▶ **Work order**
The answer should consist of the records below, repeated exactly, and no pictures.

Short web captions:
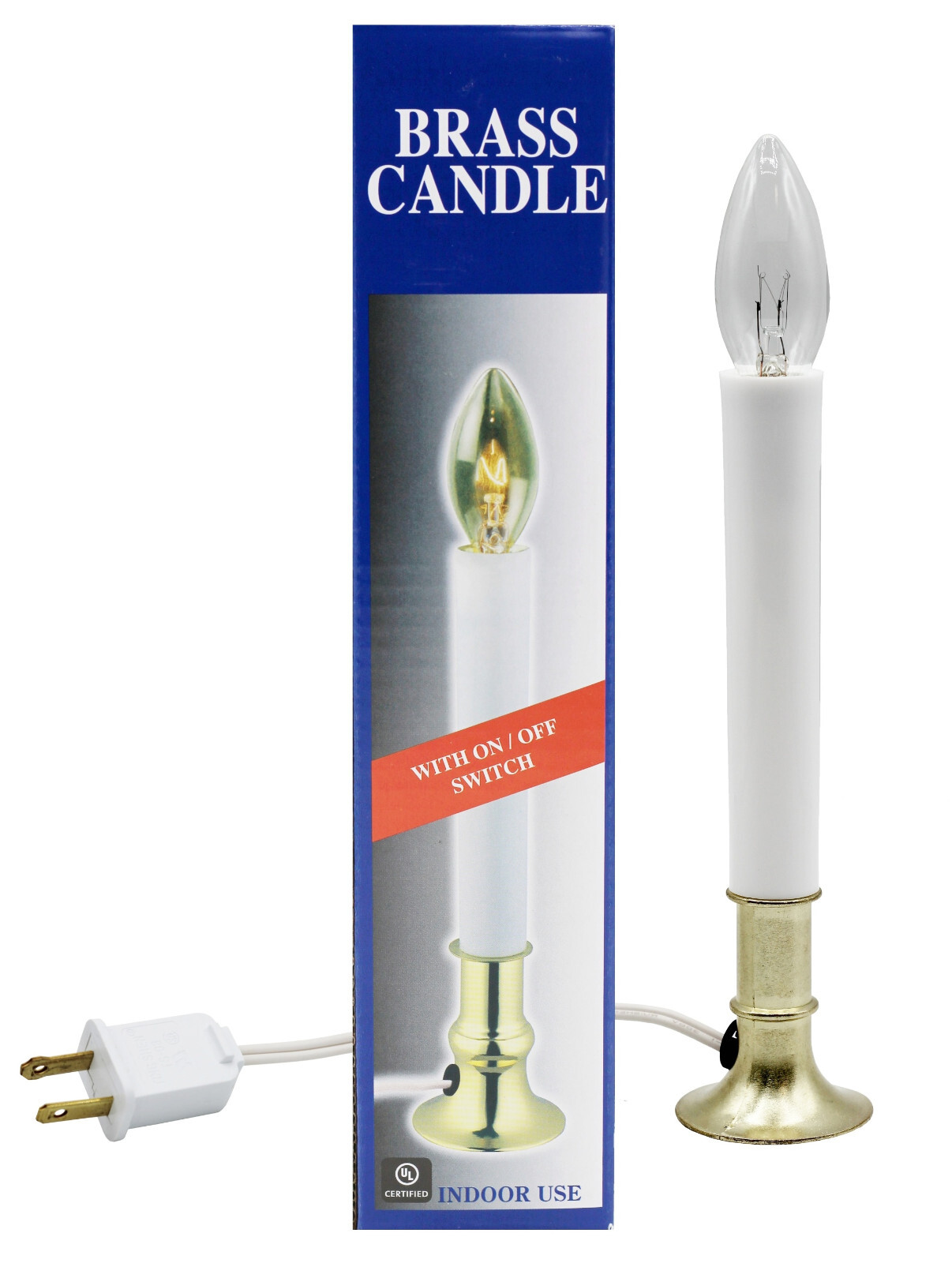 6 Electric Window Candle Lamps with Brass Plated Base, On/Off Switch, Light Bulb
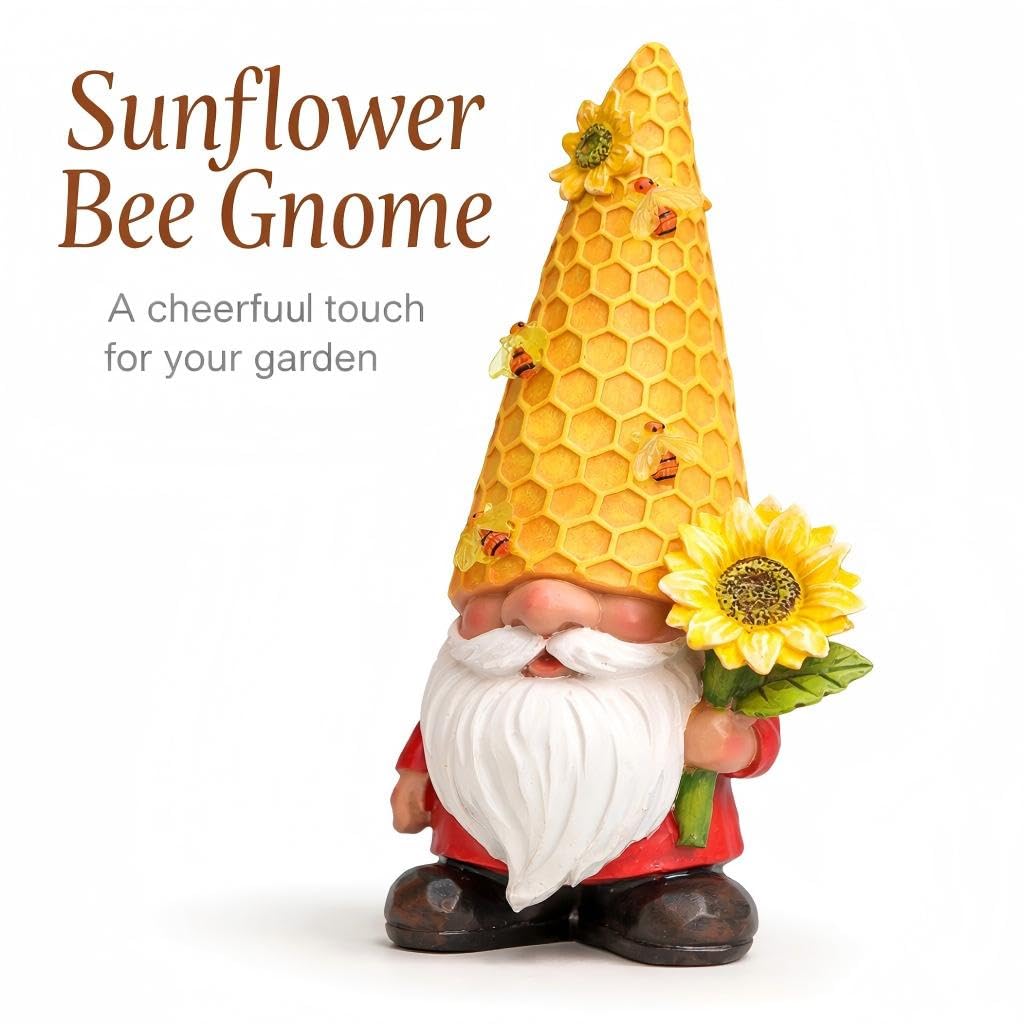 REYISO 12.3'' Sunflower Garden Gnomes Statue with Solar Bee Lights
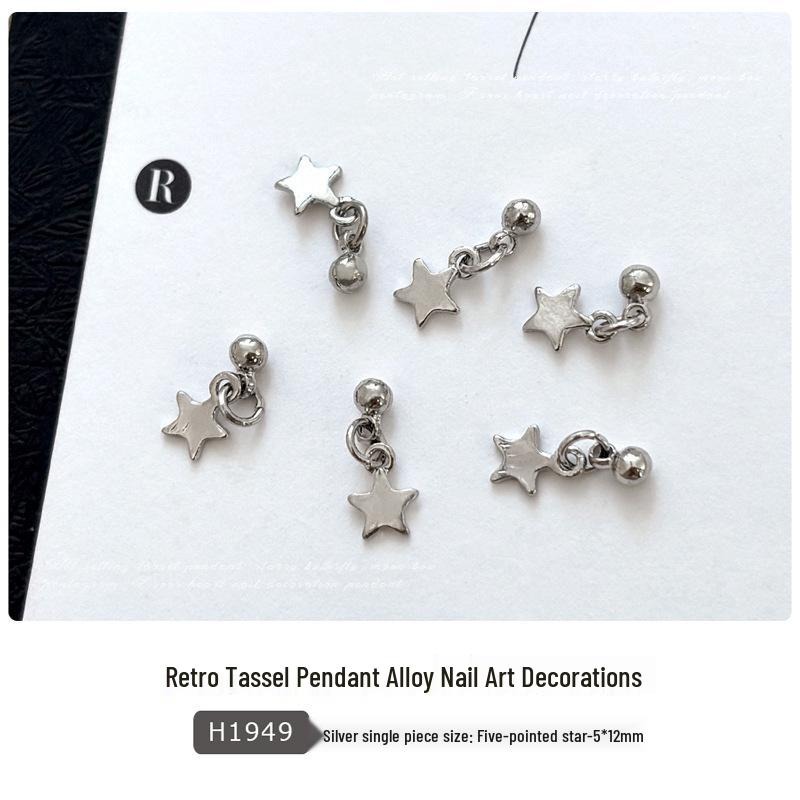 Chrome Hearts Cross Pendant Nail Art: Star, Moon, Butterfly Wearable Nail Drill Accessories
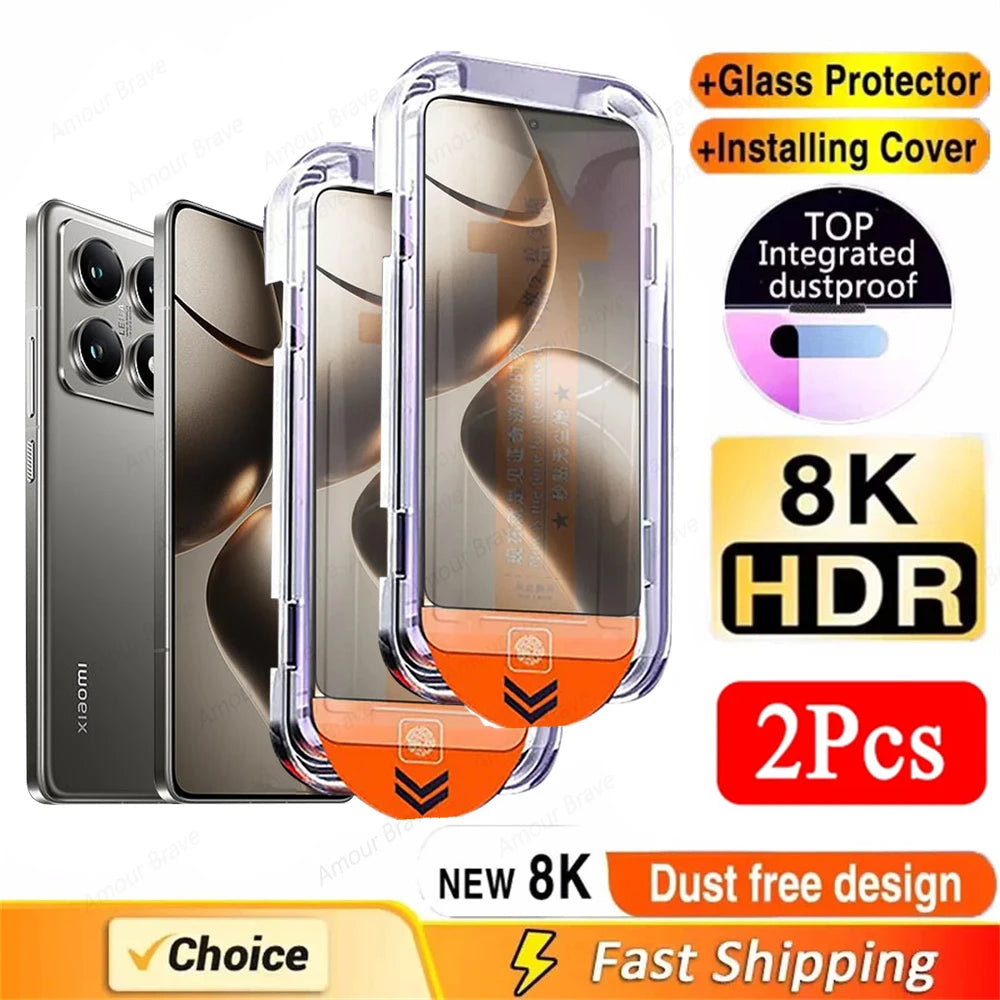 1-3PCS Glass For Xiaomi 14T Pro 8K Oleophobic Coating Screen Protector For Xiaomi 14 13 12T Pro Easy Installation Tempered Glass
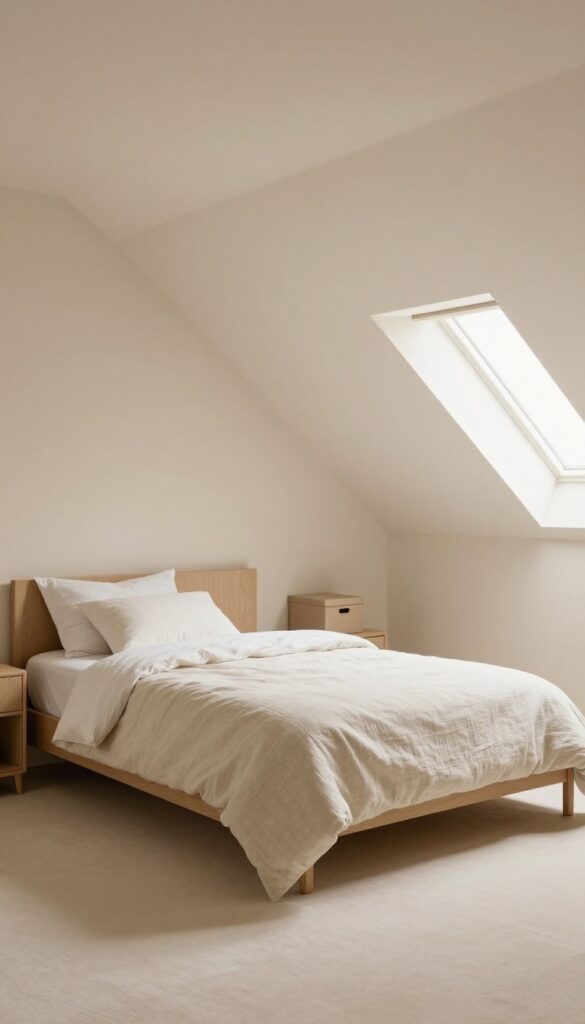 Attic bedroom with curtains hiding clutter under sloped ceiling eaves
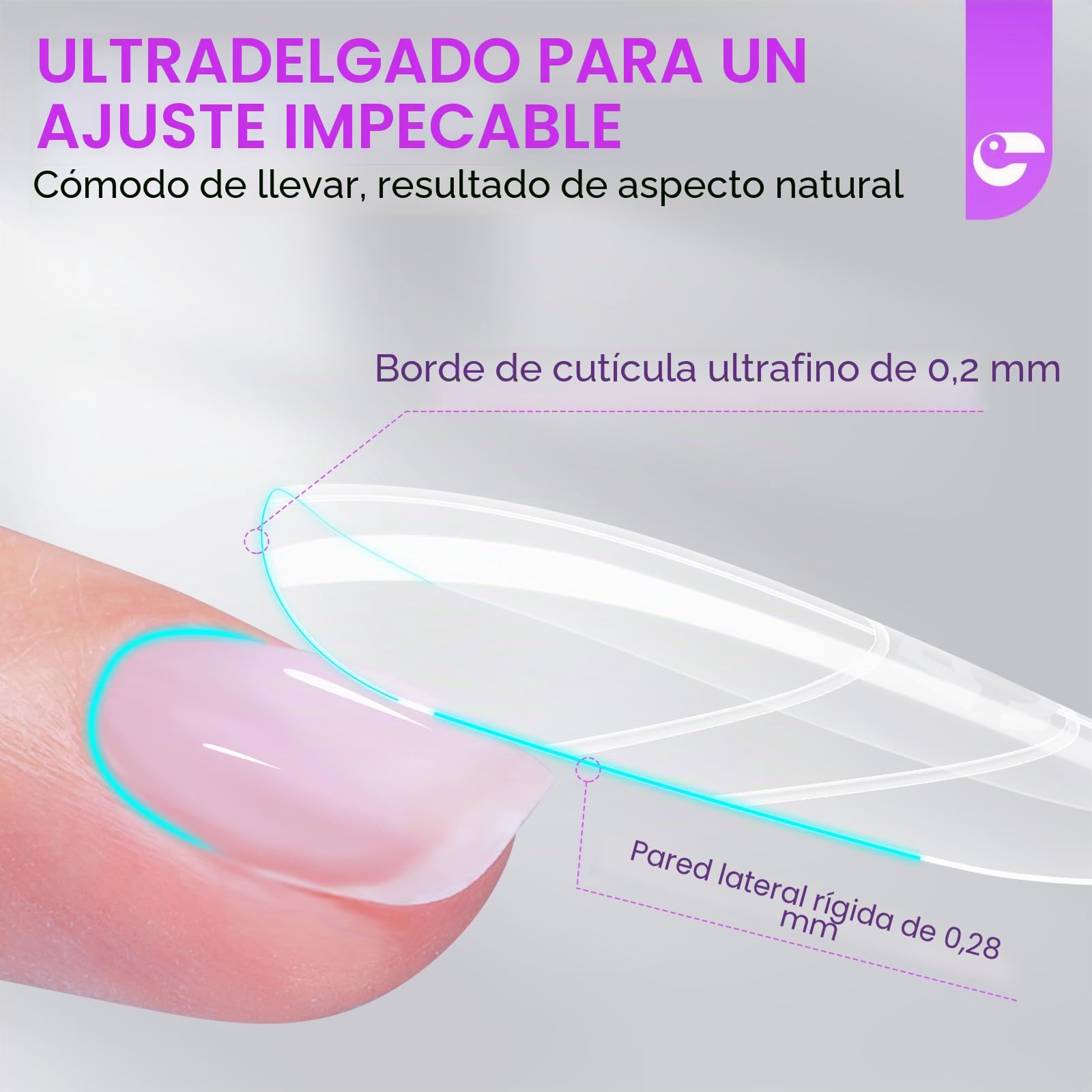Gelike ec Formas de uñas profesionales dobles para gel constructor: diseño sándwich formas de uñas 240 piezas 15 tamaños – para extensiones de gel impecables – Fácil para bricolaje y salón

▶ **Worked solution**
 6 Electric Window Candle Lamps with Brass Plated Base, On/Off Switch, Light Bulb
 REYISO 12.3'' Sunflower Garden Gnomes Statue with Solar Bee Lights
 Chrome Hearts Cross Pendant Nail Art: Star, Moon, Butterfly Wearable Nail Drill Accessories
 1-3PCS Glass For Xiaomi 14T Pro 8K Oleophobic Coating Screen Protector For Xiaomi 14 13 12T Pro Easy Installation Tempered Glass
 Attic bedroom with curtains hiding clutter under sloped ceiling eaves
Gelike ec Formas de uñas profesionales dobles para gel constructor: diseño sándwich formas de uñas 240 piezas 15 tamaños – para extensiones de gel impecables – Fácil para bricolaje y salón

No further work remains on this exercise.